The sabbath rest also served as a means of setting God’s people apart from the heathen Gentiles around them. It served as a reminder that their God had sanctified them—set them apart, made them holy—just as He had set apart a holy day of rest (Ezekiel 20:12,20). Ritual sacrifices and the rite of circumcision served the same purpose.

The most important purpose of the Sabbath rest for Old Testament believers, however, was that it served as a reminder of the eternal rest that was to come. The Lord had rescued them from their Egyptian oppressors and granted them a new home in the promised land. He had provided for their daily needs in the wilderness for forty years by supplying them with food, drink, and leadership. He had taught them to rely on Him by not providing food on the Sabbath Day but allowing them instead to gather extra on the previous day (Exodus 16:29-30). He was also the One who would send His Son, their Savior, into the world to rescue them from the oppression of sin, death, and the devil.

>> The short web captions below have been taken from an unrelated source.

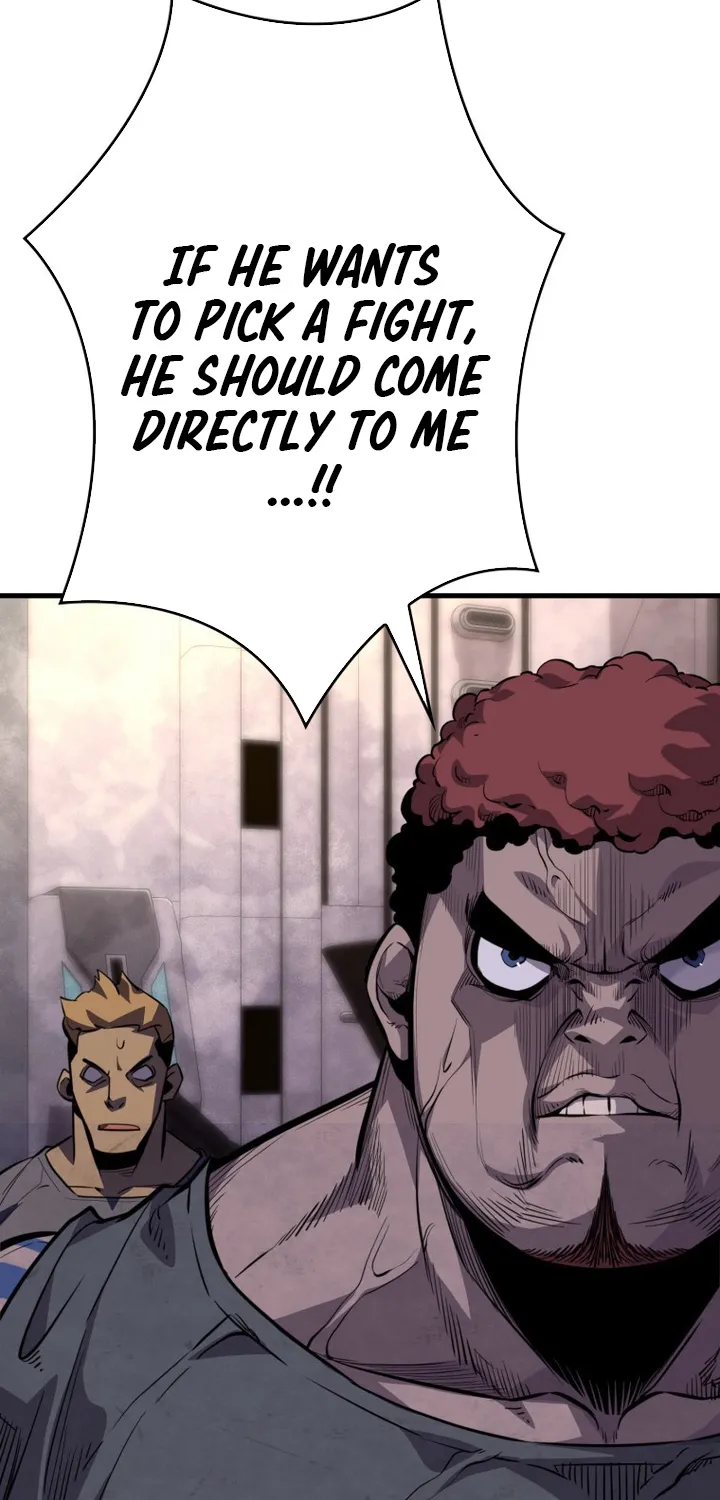 The Strongest Old Prisoner Survives Again Today Chapter 25 page 91 - 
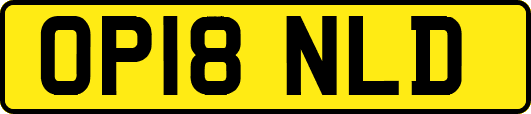 OP18NLD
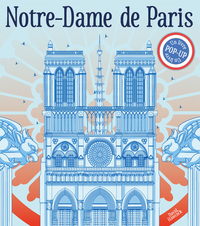 Image de Notre-Dame de Paris - Édition anglaise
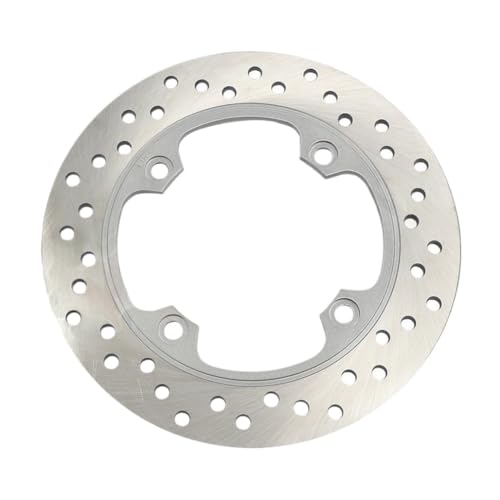 Disque frein moto arrière pour vos balades en CB600F Hornet 2007-2013 et CBF600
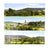 Gaugemaster Backscenes GM708 Pretty British Town Large Photo (2744X304MM)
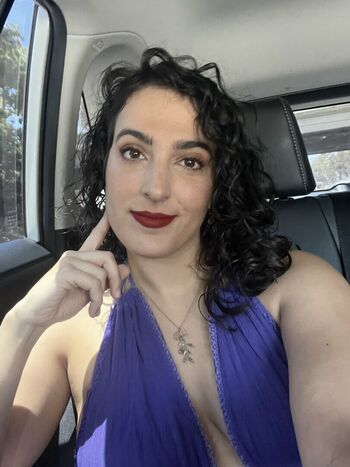 Allegra Clark Leaked Nude OnlyFans (Photo 12)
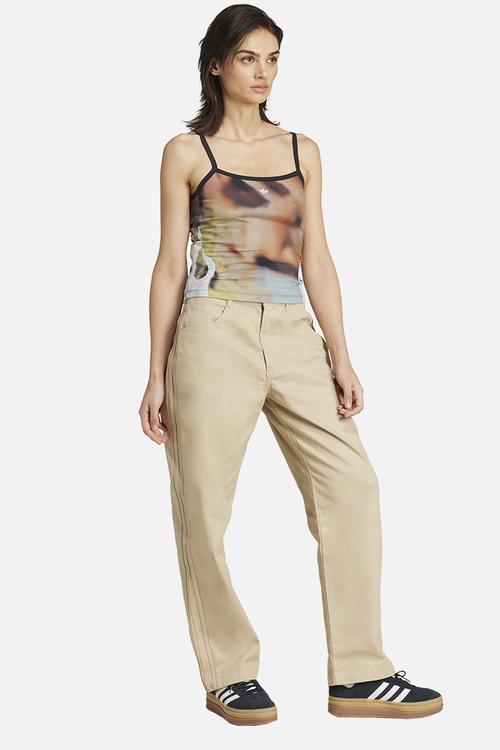 Tank Top - Multicolour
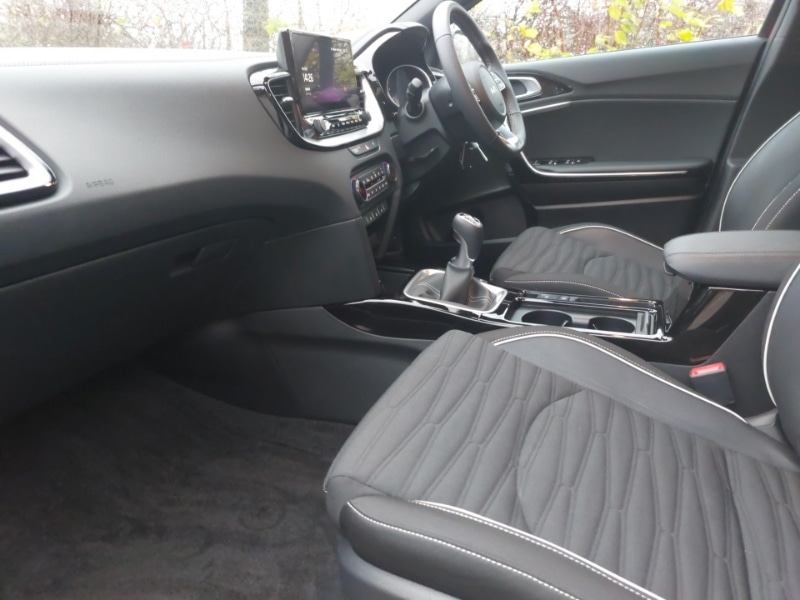 Used Kia Ceed 2025 for sale - 77273259: Photo 5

These lessons proved difficult for those of the children of Israel who did not trust the Lord but disobeyed Him. The punishment was severe—death (Exodus 31:14).

New Testament

Jewish church leaders of Jesus’ day lost the focus of the true purposes of the Third Commandment. They polluted it with Pharisaic man-made rules and regulations with which they attempted to trap Jesus. We can rest assured, though, that Jesus fulfilled God’s holy law perfectly in connection with all the commandments, including the Third. In the epistle to the Hebrews Jesus is described as “holy, harmless, undefiled, separate from sinners” (7:26). Jesus alone has kept this commandment perfectly.

So, how then is the Church of the New Testament era to obey the Third Commandment?

Holy Scripture clearly teaches that certain rules and regulations of the Old Testament, including those governing the Sabbath Day, no longer apply. “Therefore let no one judge you in food or in drink, or regarding a festival or a new moon or Sabbaths, which are a shadow of things to come, but the substance is of Christ” (Colossians 2:16-17). And again, “Stand fast therefore in the liberty by which Christ has made us free, and do not be entangled again with a yoke of bondage” (Galatians 5:1).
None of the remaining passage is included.